JOSIE: They looked so grown up in their mature outfits. I almost forgot that four (4) episodes ago they were screaming over margs.

MEL: When Jarrod tried to help and she was like “No shush Jarrod you don’t even know what’s going on” – every girl to their oblivious boyfriend when they’re having a bitch and the bf tries to join the zest party.
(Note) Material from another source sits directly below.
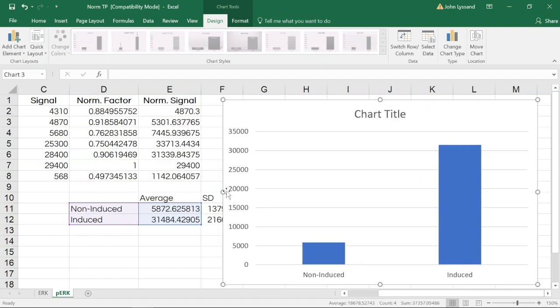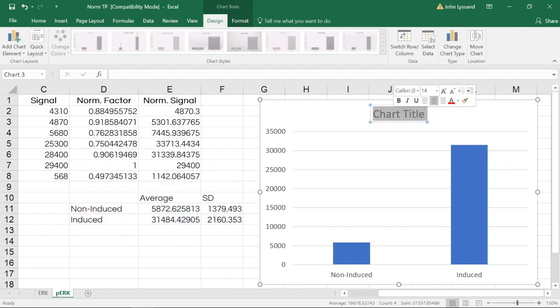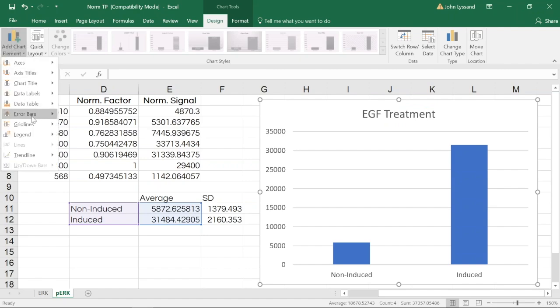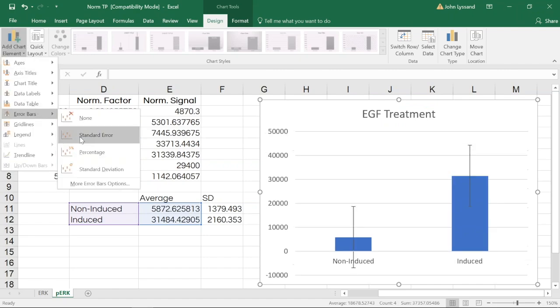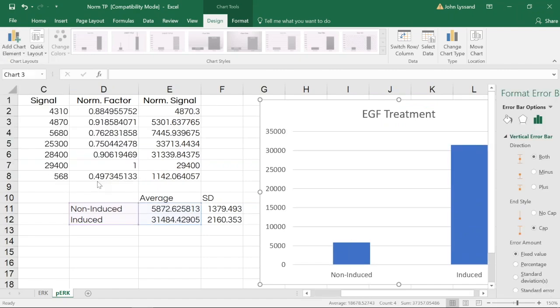Here if we want, we can adjust our chart size, we can add a title. And since we've also calculated our standard deviation, we can add error bars to highlight that standard deviation.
Pipe down and just look pretty, son.

JOSIE: I was also dying over Wais when he was about to offer a champers and was like “whoaaaa it’s Leah, I’m outta here”. She’s had those drunk flinty squint eyes on and Wais knew it was not the time.

MEL: Leah did not need any more liquid courage, nosiree.

JOSIE: Tag yourself I’m Simone’s hopeless attempt at foundation on her chest.

I used some cement I found do you think it’s got a natural finish

MEL: Hahahaha shit. I’m Eden’s attempt at out-Fudge waxing Jake.

I do not think I did this correctly

MEL: When Thomas picked Rachael, someone he has barely spoken to – why are you gunning for Demon #4? Thomas do NOT I am rooting for you mate.

JOSIE: I choked in advance on the burger I was still waiting on. LE GASP. Also, Keira my hero saying what we are all thinking when Leah accepted American Jared’s rose – “BOOOORING”. Keira = the real MVP.

MEL: I literally yelled at the screen when Leah said she’s fucking leaving AGAIN in the promo for next week.

JOSIE: Hahaha so did I. I screamed “FUCK. OFF.”

MEL: Can’t wait to see Leah being a pissbaby and throwing away her undeserved opportunity to stick around in Fiji!